Danita Zanre posted <address@hidden>, excerpted below, 
on Tue, 01 Feb 2005 19:20:55 -0700:

> I work on the Novell support newsgroups, and have a bit of "FAQ"
> information in my signature - for those newsgroups this is considered
> acceptable :)
> 
> Is there a way to turn off the warning that my signature is longer than 4
> lines and some lines are longer than 80 characters (long URLs I guess).

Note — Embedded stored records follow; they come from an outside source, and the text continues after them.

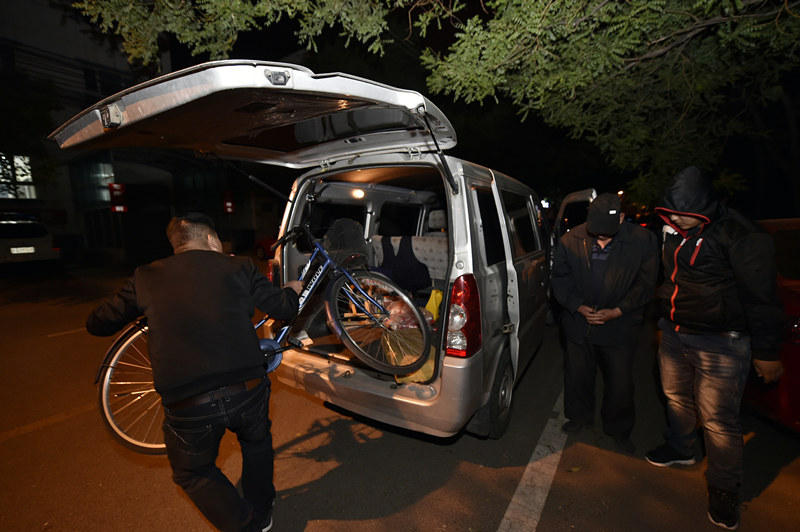 “别动，警察！” 便衣民警和保安员逮个正着。民警现场盘查，发现他身穿的外套看似普通，其实被改装成隐蔽的“工具箱”，压力钳、扳手和改锥等作案工具均被嫌疑人巧妙隐藏，外观看上去根本无法识别。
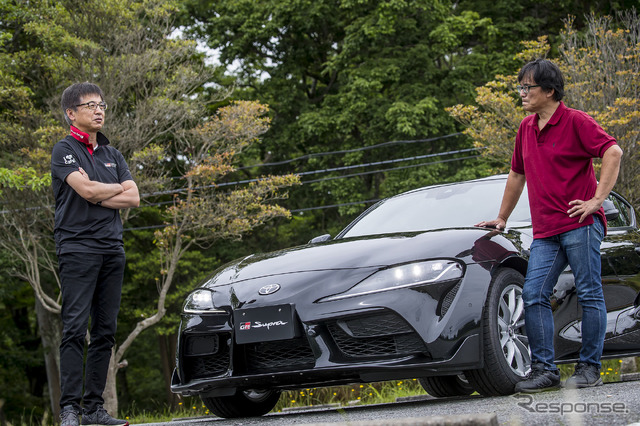 トヨタ スープラ 新型チーフエンジニア多田哲哉氏（左）と諸星陽一氏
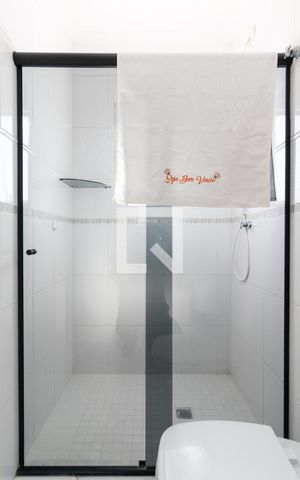 Casa à venda com 150m², 3 quartos e 2 vagas Casa à venda com 150m², 3 quartos e 2 vagasBanheiro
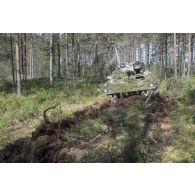 Un véhicule blindé d'infanterie britannique s'est embourbé dans une zone marécageuse à Tapa, en Estonie.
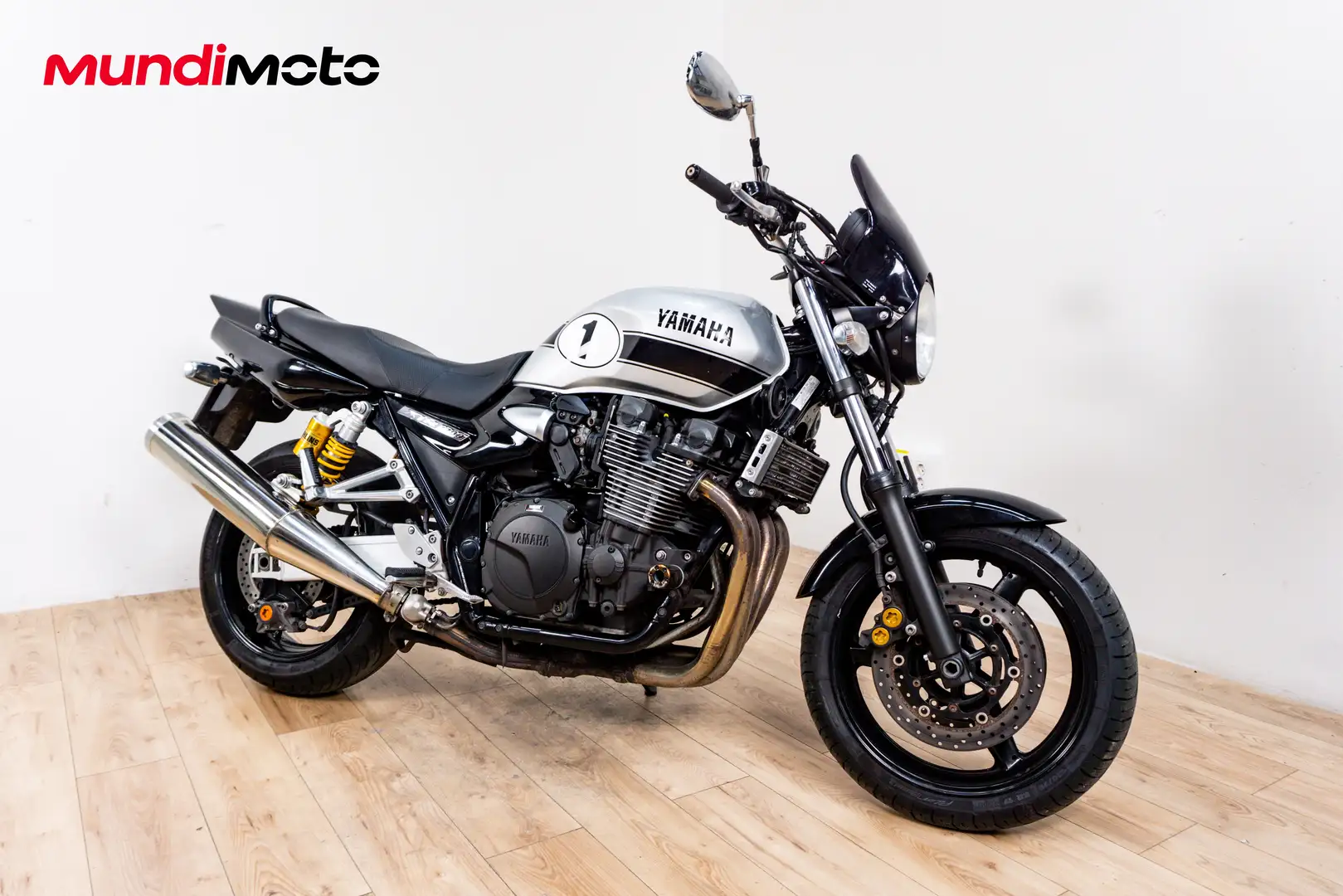Yamaha XJR 1300 - 2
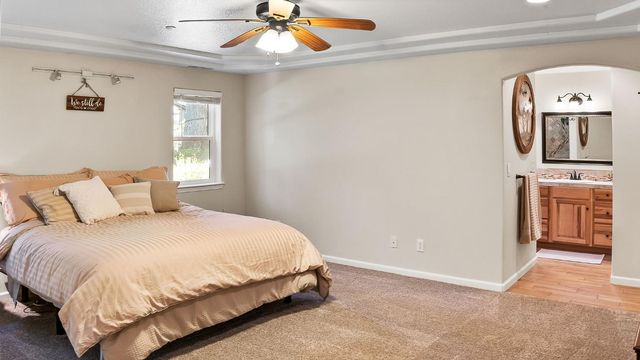 5827 Silverleaf Dr, Foresthill, CA 95631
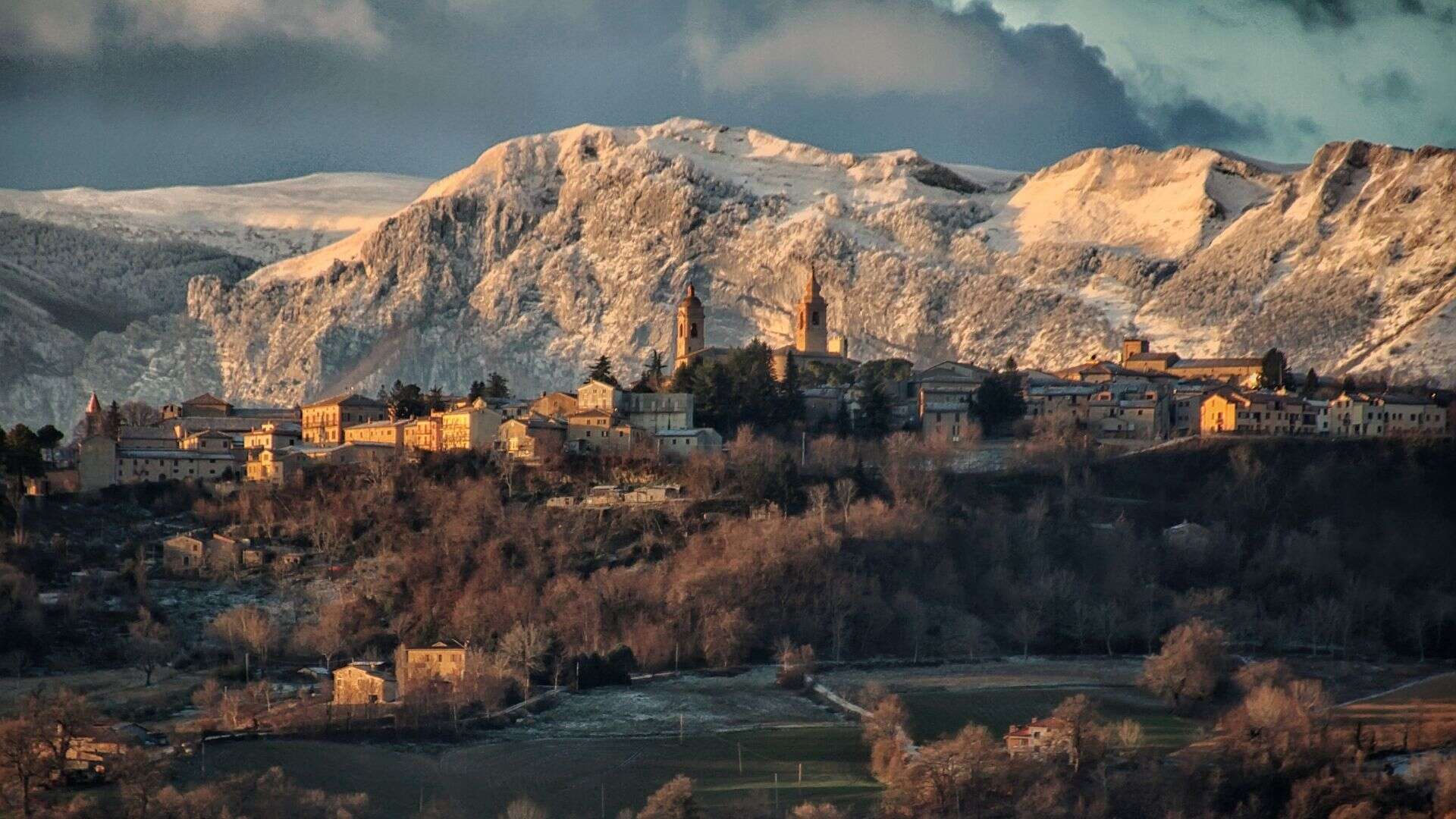 Il borgo di San Ginesio. Foto di Enrico Pighetti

No, not just from the configuration, anyway.  The PAN developers are
(rightly) quite proud of the fact that PAN is 100% GNKSA compliant.  GNKSA
says in part:

<quote>

14) Try to respect the 80-character line-length conventions

[]

It's also a good idea to warn the user if the article she is about to
post contains non-header lines longer than 80 characters.  The software
SHOULD NOT prevent the posting, but SHOULD ask whether the user wants to
re-edit or post anyway.

[]

15) Separate signatures correctly, and don't use excessive ones

[]

Hence, posting software SHOULD prevent the user from using excessively
long signatures, or at least warn the user against it.  A widely
accepted standard is the so-called McQuary limit: up to 4 lines, each up
to a maximum of 80 characters.

</quote>

PAN's development philosophy has always been that the GNKSA standards,
both the SHOULDs and the MUSTs, WILL be observed, in PAN as publicly and
officially distributed.  That's a non-negotiable for the publicly
distributed version.  Thus, while the warnings are just that, WARNINGS,
allowing one to ignore them and post anyway, the officially distributed
version does not and will not contain a way to disable those warnings.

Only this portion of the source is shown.